A total of 317 patients from four Level I trauma centers with penetrating abdominal injuries and at least one hollow viscus perforation each received one preoperative and three postoperative doses of ampicillin/sulbactam 3 g intravenously. After receiving 24 hours of unblinded ampicillin/sulbactam, patients were then randomized into one of two groups. Group 1 received 4 additional days of blinded ampicillin/sulbactam (5 days total of antibiotic), and Group 2 received 4 days of placebo (24 hours of antibiotic). Patients were assessed postoperatively for occurrence of deep surgical-site infections (intra-abdominal abscess, fasciitis, and peritonitis) and superficial (wound) surgical-site infections. Development of nonsurgical-site infections (e.g., pneumonia, urinary tract infection, phlebitis, and cellulitis) was also recorded. Continuous variables were analyzed by analysis of variance and discrete variables by the Cochran-Mantel-Haenszel chi2 test. Multivariate logistic regression analyses were also performed to identify independent risk factors for postoperative infection.

RESULTS

A total of 159 patients were randomized into Group 1, and 158 patients were randomized into Group 2. The Injury Severity Score and penetrating abdominal trauma index were 18+/-8 and 21+/-13, respectively, for Group 1 and 18+/-9 and 20+/-15, respectively, for Group 2. A total of 162 (51%) patients sustained one or more colon injuries (82 in Group 1 and 80 in Group 2). There were 16 (10%) surgical-site infections in Group 1 and 13 (8%) surgical-site infections in Group 2 (p = 0.74). Group 1 patients experienced 17 (11%) nonsurgical-site infections, whereas Group 2 had 32 (20%) nonsurgical-site infections. This difference, however, was not statistically significant (p = 0.16).

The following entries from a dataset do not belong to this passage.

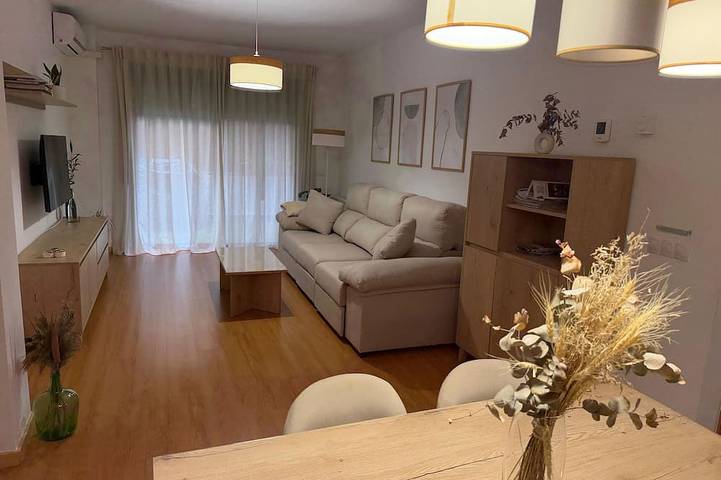 Ferienwohnung für 6 Personen, mit Terrasse und Pool sowie Garten - 1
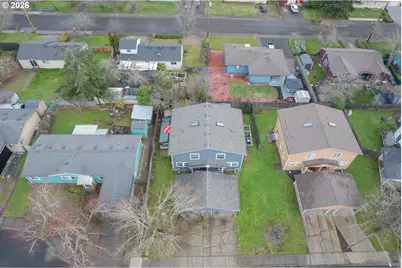 215 Smith Loop, Springfield, OR 97478 - Photo 9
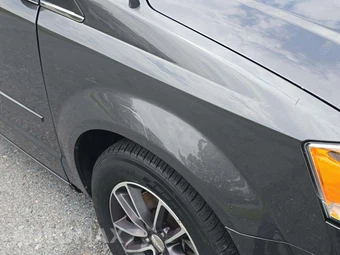 2017 Dodge Grand Caravan SXT 121.2" WB – miniatura 34
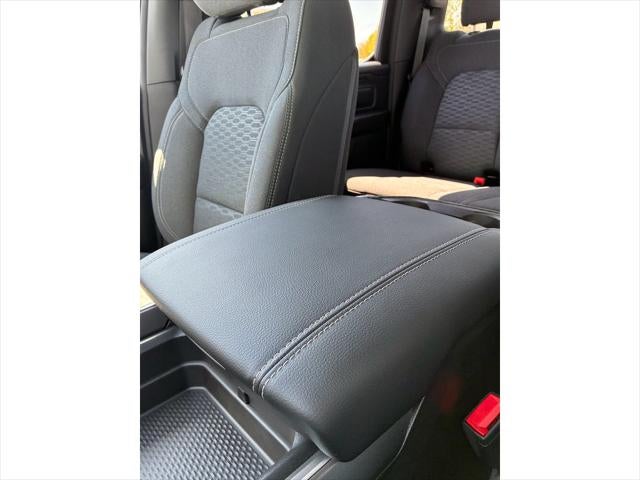 2026 RAM Ram 1500 EXPRESS CREW CAB 4X4 5'7' BOX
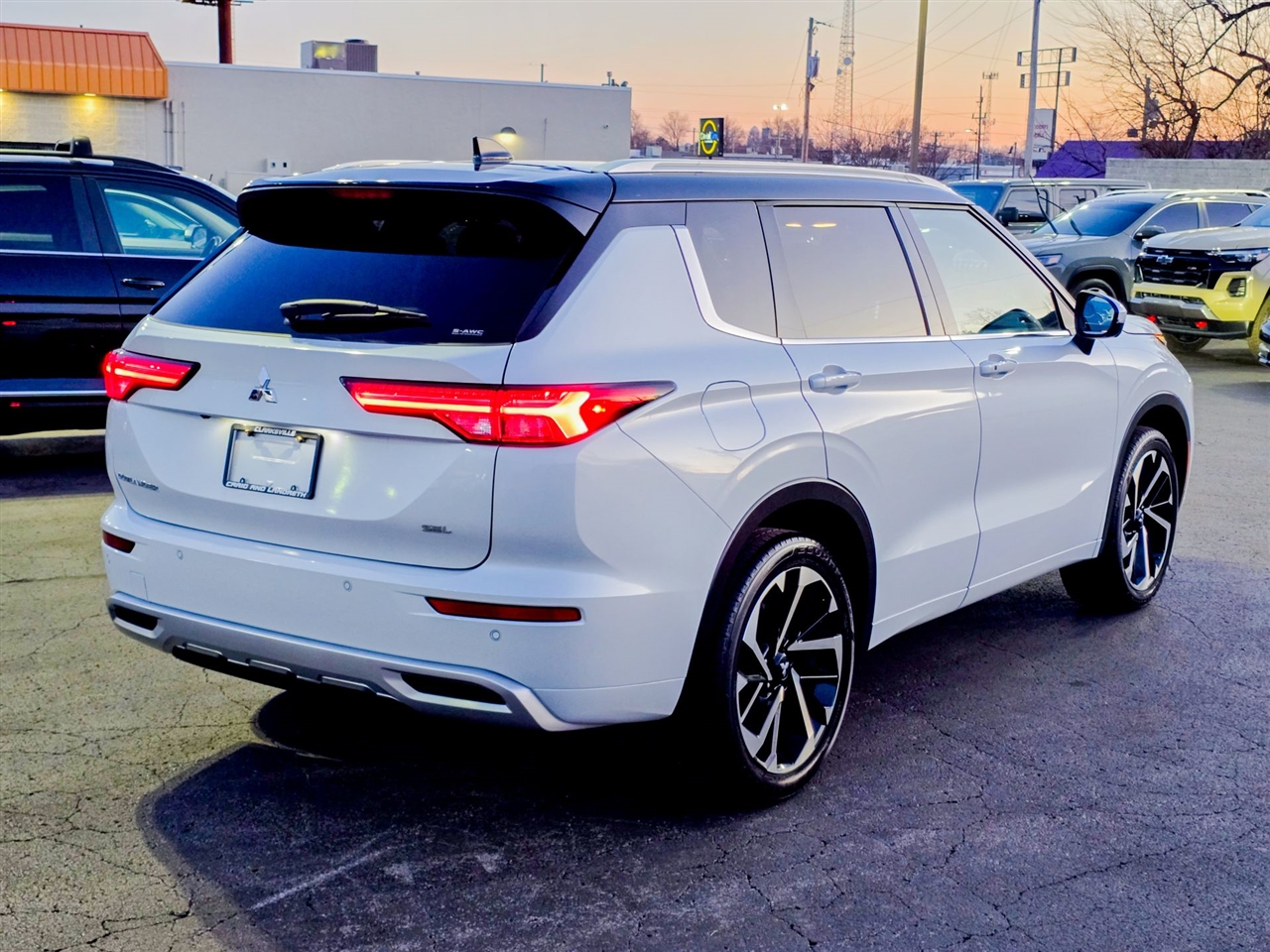 Mitsubishi Outlander  2024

Only the total number of blood units transfused and the presence of a PATI score greater than or equal to 25 were found to be independently associated with the development of a postoperative surgical- and nonsurgical-site infections (p = 0.001 and p = 0.003, respectively). Of note, the presence of a colon injury was not found to be an independent risk factor (p = 0.11) for either surgical or nonsurgical site postoperative infection in our study.

CONCLUSION

High-risk patients with colon or other hollow viscus injuries from penetrating abdominal trauma are at no greater risk for surgical-site or nonsurgical-site infection when treated with only a 24-hour course of a broad-spectrum antibiotic.